Ardoin is scheduled to pitch in Wednesday’s 6:05 p.m. series wrapup and possible playoff-decider with Fort Myers.

For the season, Ardoin is 5-4 with a 3.43 ERA in 13 starts, with 87 hits, 31 earned runs, 46 strikeouts and only eight walks in 81 1/3 innings.

“It took me a couple of outings to find my way through the league and realize what was going on,” Ardoin said. “I’ve started learning how to approach different teams. Teams here throw different types of hitting strategies at you … some are aggressive and some sit back and let you work.”

It’s certainly a higher level of play than his 2005 assignment to the Class A West Michigan Whitecaps, where he worked in relief for that short-season squad.

“It’s some of the same guys I’m pitching against,” he said, “but you can tell they’ve gotten a lot better. If I make a mistake in this league, it’s going to get hit harder for sure.
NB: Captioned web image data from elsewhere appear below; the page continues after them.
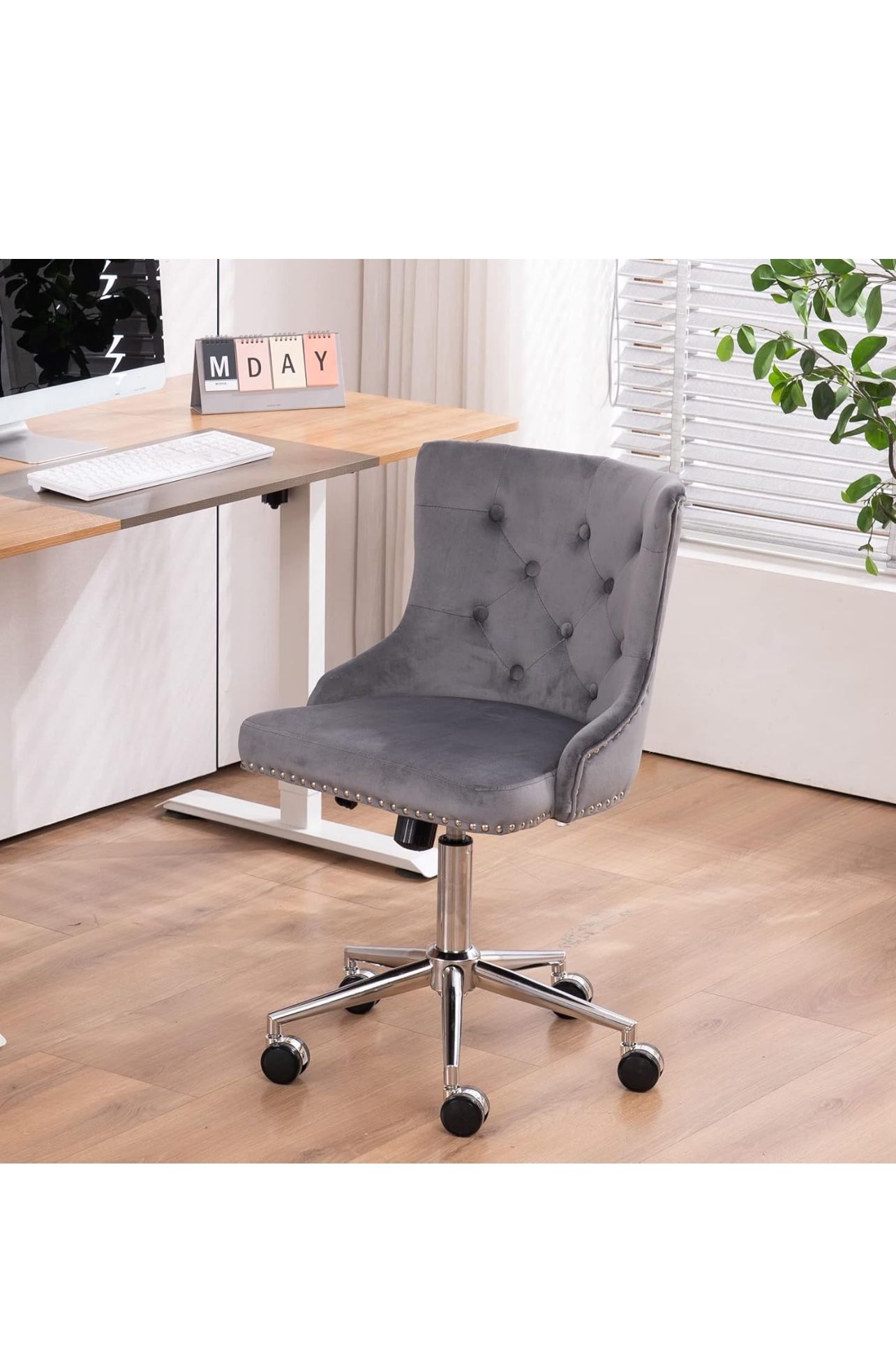 VINGLI Grey Velvet Armless Home Office Desk Chair with Gold Base/Wheels, Small Cute Vanity/Makeup Chair with Back for Bedroom, Upholstered Adjustable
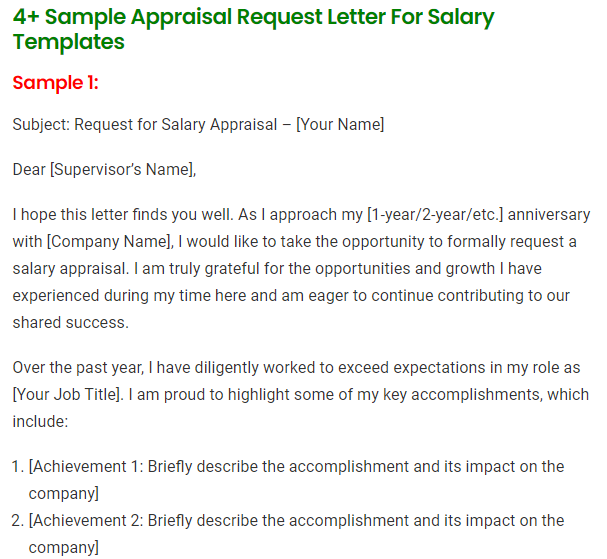 Appraisal Request Letter For Salary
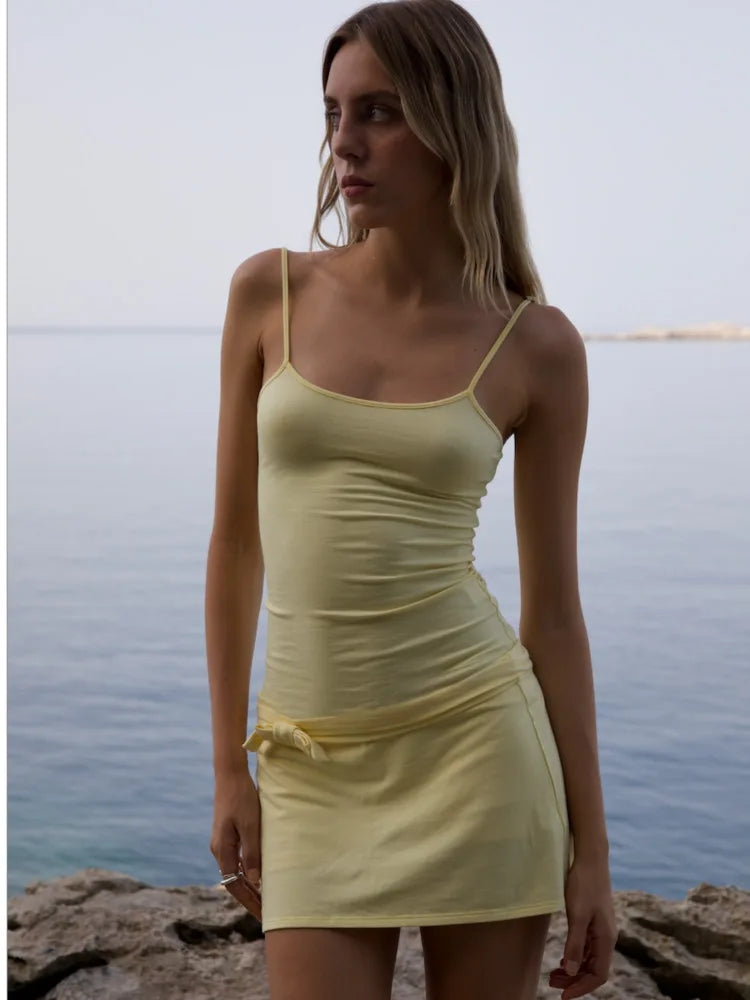 Sexy Spaghetti Strap Elastic Tight Short Skirt Set Women Summer 2024 New Fashion Backless Party Holiday Beach Set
I really have to focus on keeping the ball down. When I’ve gotten hurt was when I got the ball up. These guys don’t miss their pitch often.”

Last year’s relief work wasn’t his first such assignment. He worked short relief at UL as a freshman in 2002, getting six saves to tie for the third-most in a season in Cajun history. He divided starting and relief duty as a sophomore before becoming a full-time starter and going 16-7 with a 3.51 ERA over his final two years.

He likes the starting role better, and he definitely likes the Florida weather better even though he’s lost as many as six pounds in one start this year because of the heat.

Lakeland plays mostly night games, but the 7 p.m. local starts don’t figure in stretching at 3:30 p.m. and batting practice at 4 p.m. in the heat of the day.

“In college we always started seasons when it was cold, and you wanted to go to Florida because it was a little warmer,” Ardoin said. “A weekend series in Florida then was awesome. Now it’s hard. You have to keep your strength and endurance up, eat right, drink a lot of water and keep yourself nutritionally fit.”